Auth Attacks & Defenses
Every authentication system is under constant attack. Understanding the attack landscape is not optional — it is a prerequisite for building defensible systems. This page catalogs every major auth attack vector with detection techniques, defense implementations, and real-world incident examples. Treat this as your threat model reference for authentication systems.
Attack Taxonomy
Credential Stuffing
The Attack
Attackers use credentials leaked from one breach to attempt login on other services.
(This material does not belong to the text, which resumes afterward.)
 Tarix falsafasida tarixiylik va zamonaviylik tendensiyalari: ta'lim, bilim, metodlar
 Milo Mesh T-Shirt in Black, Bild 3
Because 65%+ of users reuse passwords, a significant percentage of attempts succeed.
Detection Signals
| Signal | Description | Detection Method |
|---|---|---|
| High failure rate from IP | >10 failures per minute | Per-IP counter with Redis |
| Many usernames from one IP | Different emails, same IP | Track unique emails per IP |
| Known credential pair | Email+password in breach DB | Check against HaveIBeenPwned API |
| Non-human timing | Requests at perfectly regular intervals | Jitter analysis |
| Missing browser signals | No JavaScript execution, no cookies | Challenge with JavaScript proof-of-work |
| Residential proxy IPs | Attacker rotates through residential proxies | IP reputation scoring |
Defense Implementation
typescript
import { createHash } from 'crypto';
// Defense 1: Breached password check (k-anonymity model)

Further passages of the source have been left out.